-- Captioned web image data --
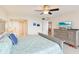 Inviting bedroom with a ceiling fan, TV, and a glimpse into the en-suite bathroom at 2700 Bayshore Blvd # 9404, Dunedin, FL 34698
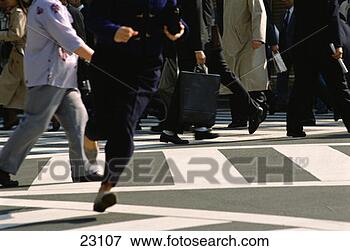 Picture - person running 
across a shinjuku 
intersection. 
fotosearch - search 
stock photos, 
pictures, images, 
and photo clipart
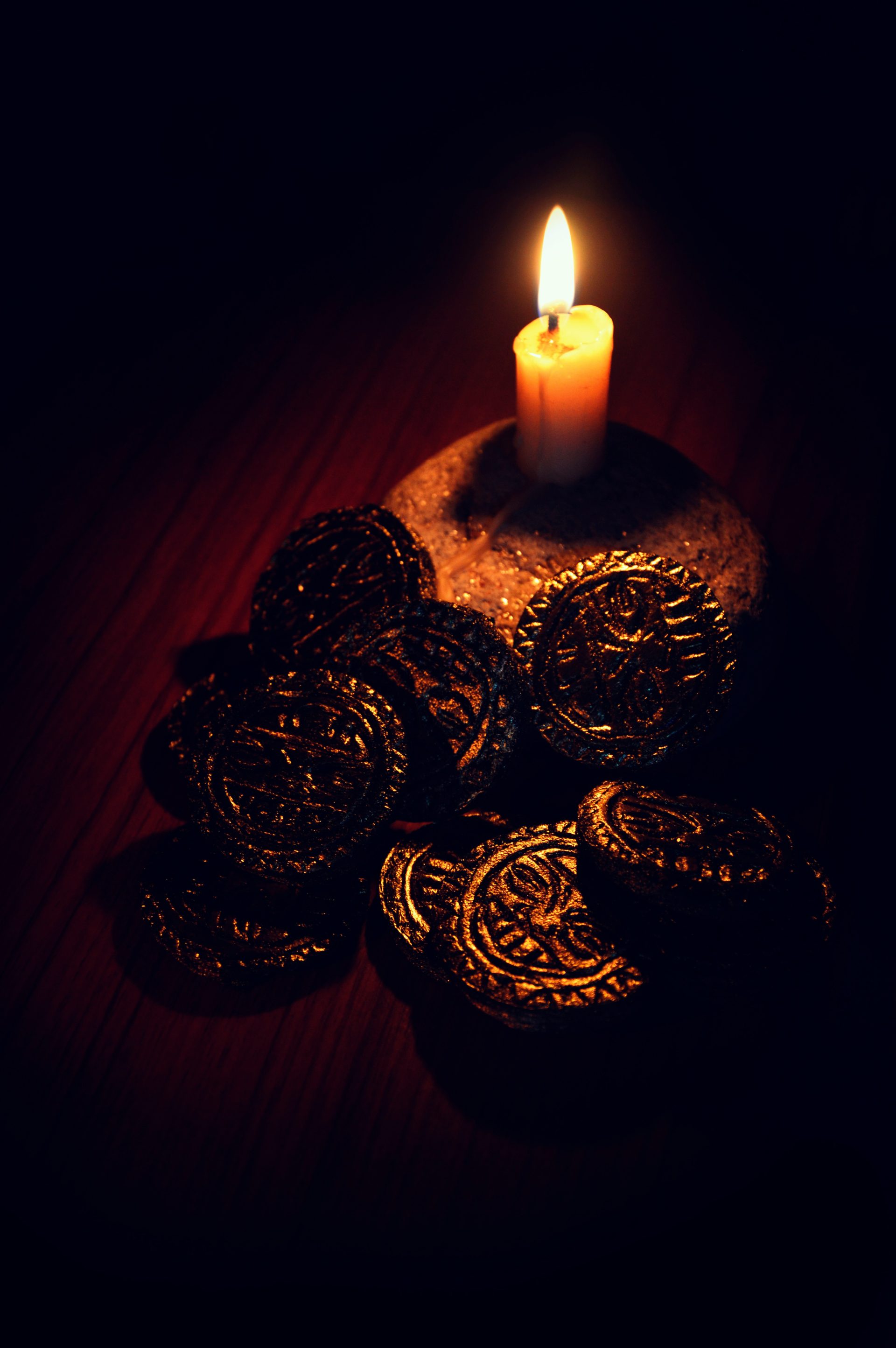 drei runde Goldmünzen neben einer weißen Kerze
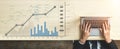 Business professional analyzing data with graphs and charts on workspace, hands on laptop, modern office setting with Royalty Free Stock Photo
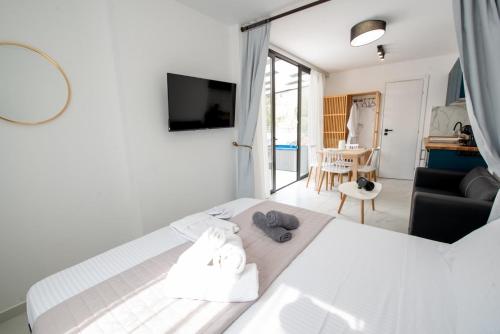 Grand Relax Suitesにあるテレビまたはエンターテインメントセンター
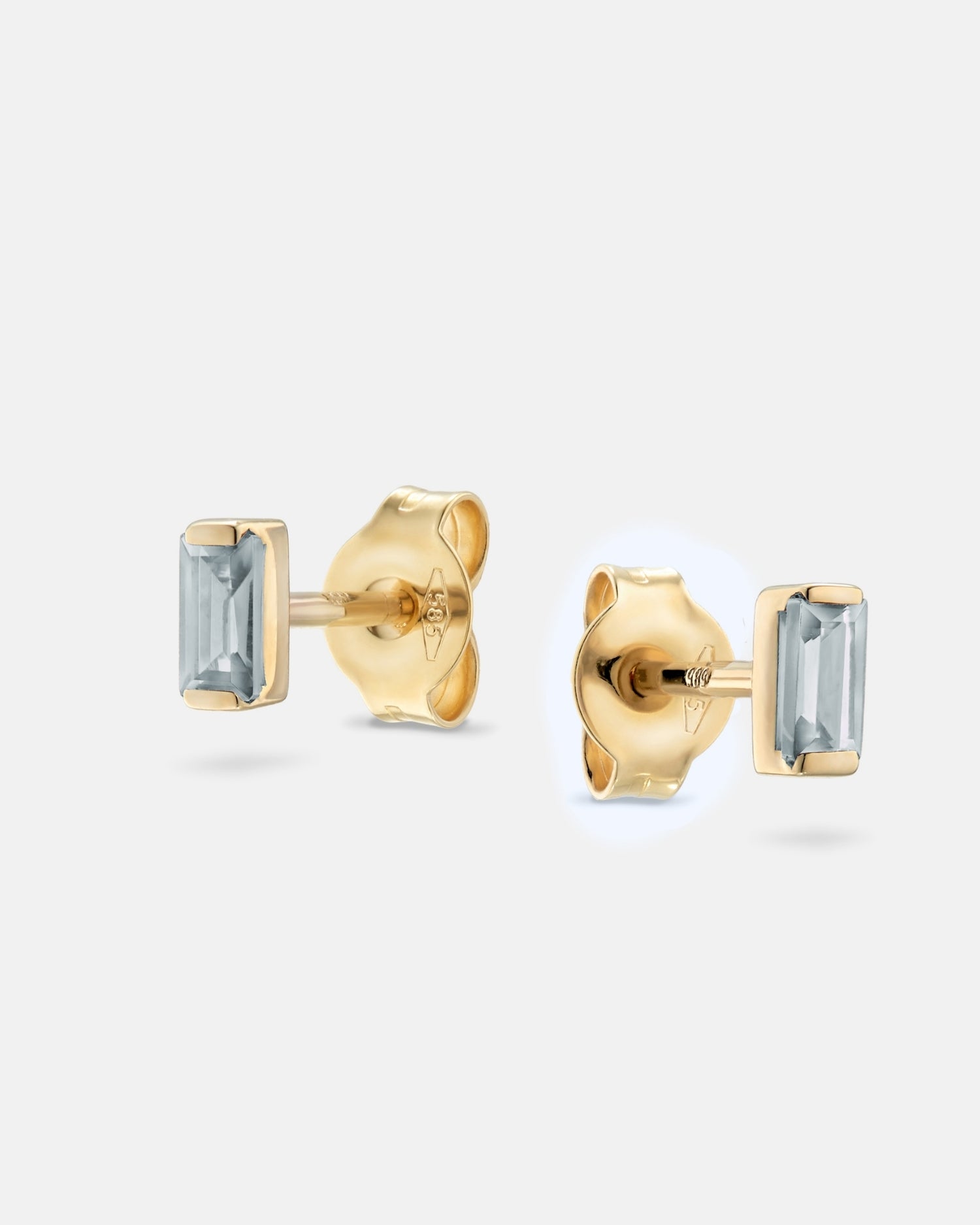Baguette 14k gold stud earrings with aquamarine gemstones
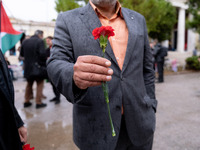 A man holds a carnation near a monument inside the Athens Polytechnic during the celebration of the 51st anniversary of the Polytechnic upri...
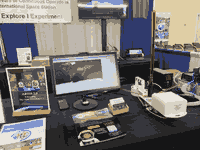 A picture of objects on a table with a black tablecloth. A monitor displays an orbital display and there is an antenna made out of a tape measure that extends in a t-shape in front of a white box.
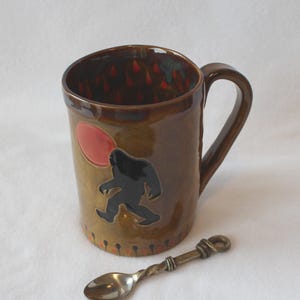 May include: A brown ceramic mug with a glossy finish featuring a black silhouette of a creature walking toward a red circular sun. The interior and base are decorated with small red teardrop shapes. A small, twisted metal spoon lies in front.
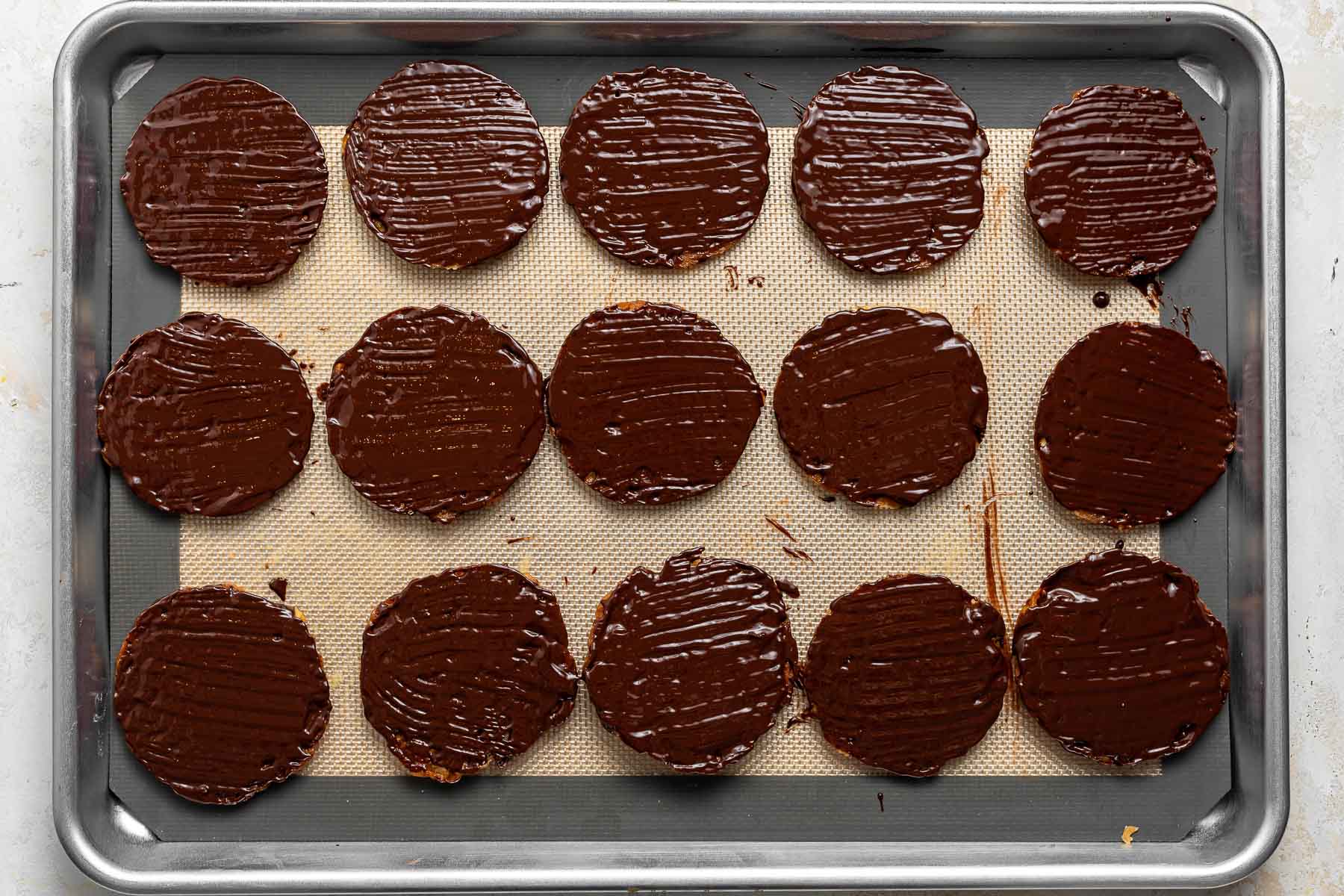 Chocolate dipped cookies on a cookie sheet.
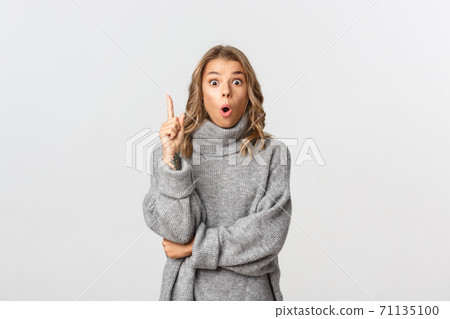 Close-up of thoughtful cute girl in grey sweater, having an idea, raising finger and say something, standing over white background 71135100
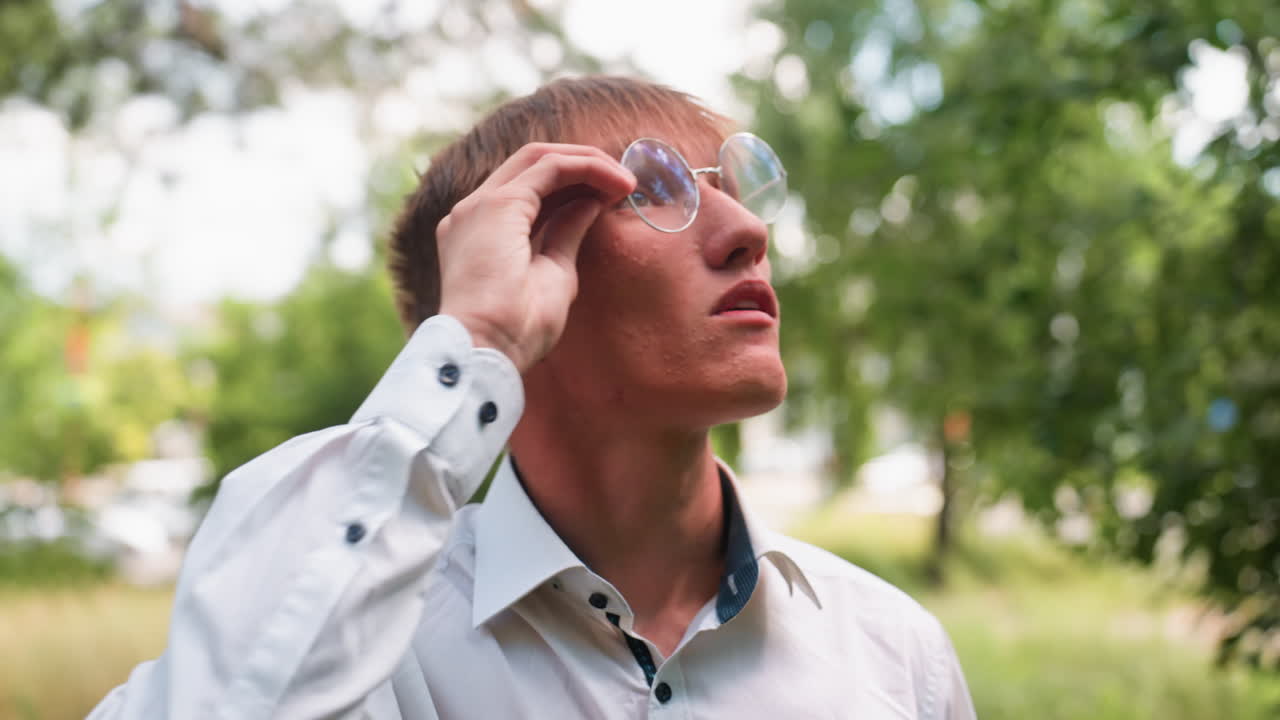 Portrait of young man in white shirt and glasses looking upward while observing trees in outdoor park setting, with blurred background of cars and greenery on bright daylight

-- Assignment --
Only lines belong in the copy, not pictures: write out exactly the lines of the records from the first through the one holding "A picture of".

-- Answer for the task --
 Inviting bedroom with a ceiling fan, TV, and a glimpse into the en-suite bathroom at 2700 Bayshore Blvd # 9404, Dunedin, FL 34698
 Picture - person running 
across a shinjuku 
intersection. 
fotosearch - search 
stock photos, 
pictures, images, 
and photo clipart
 drei runde Goldmünzen neben einer weißen Kerze
 Business professional analyzing data with graphs and charts on workspace, hands on laptop, modern office setting with Royalty Free Stock Photo
 Grand Relax Suitesにあるテレビまたはエンターテインメントセンター
Baguette 14k gold stud earrings with aquamarine gemstones
 A man holds a carnation near a monument inside the Athens Polytechnic during the celebration of the 51st anniversary of the Polytechnic upri...
 A picture of objects on a table with a black tablecloth. A monitor displays an orbital display and there is an antenna made out of a tape measure that extends in a t-shape in front of a white box.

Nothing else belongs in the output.